How to incorporate the ideas of other into your essay

A quote, or a quotation, is a word-for-word repetition of something that has been written or spoken. Quotation marks directly before or after the material tell the reader it is a word-for-word quote. Quotes add authenticity and impact to your paper. Thus, phrases and sentences should be quoted only if they are especially interesting or are particularly appropriate to a point. Keep them as brief as possible. Direct quotations must always include the author’s last name, year of publication and page number of the quote.

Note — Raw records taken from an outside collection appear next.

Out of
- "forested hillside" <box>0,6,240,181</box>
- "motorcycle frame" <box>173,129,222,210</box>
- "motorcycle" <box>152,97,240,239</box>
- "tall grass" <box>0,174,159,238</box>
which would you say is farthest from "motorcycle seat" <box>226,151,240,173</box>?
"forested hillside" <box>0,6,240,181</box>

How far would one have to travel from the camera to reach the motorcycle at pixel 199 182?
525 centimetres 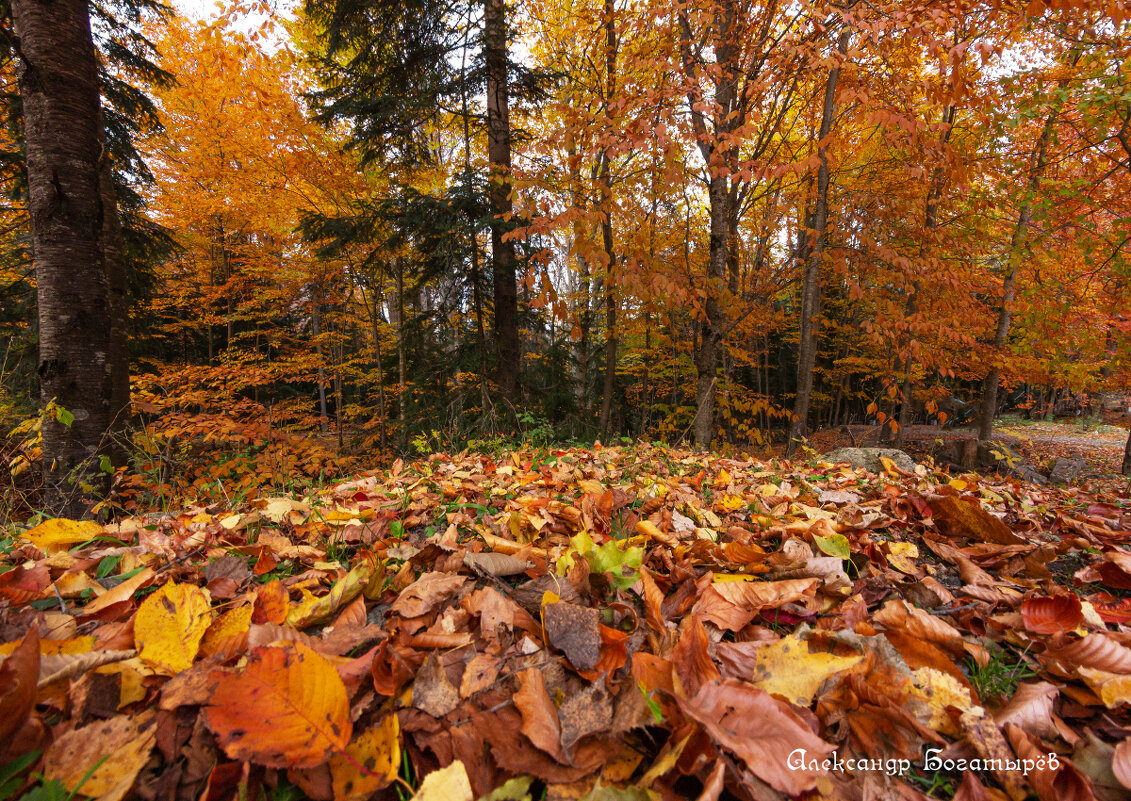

“The low self-monitoring person is generally more attentive to his/her internal attitudes and dispositions than to externally based information such as others’ reactions and expectations” (Baxter, 1983, p. 29).

Such activity, claims Stein (1990), “provides them with a means to explore implications of ideas, to find their strengths and weaknesses, to evaluate their usefulness in real-world situations” (p. 25).
A paraphrase is a restatement of written or spoken text in different words. It does not require special punctuation even though you may be using some words from the original text along with your own words. Summarizing is also often used to condense a great deal of information into a few words and to provide a series of facts the reader may need in order to understand a point you are trying to make. Paraphrasing and summarizing information requires the author’s last name and year of publication. Page number is not required.

According to Baxter (1983), if a person has a low self-monitor, then he/she tends to pay more attention to his/her attitudes, rather than to the ways others might expect him/her to behave.

Officials at the University of Delaware thought that letting parents know when students violate regulations on alcohol use would alter students’ drinking habits (Reisberg, 1998).
Tips on quoting and paraphrasing:

Generally, quotations and paraphrases must be introduced and attributed. You must give the reader enough information to understand who is being quoted or paraphrased and why, but not too much information. Do not include the title of the book or article in your citation. The following list of signal verbs will help you integrate quotes into your sentences:

acknowledges concludes emphasizes replies advises concurs expresses reports

responds interprets agrees confirms allows criticizes lists reveals

answers declares objects says believes disagrees offers suggests

charges discusses opposes thinks claims disputes remarks writes

(Notice that these verbs are all in the present tense.)

This list of signal verbs comes from The Everyday Writer by Andrea Lunsford.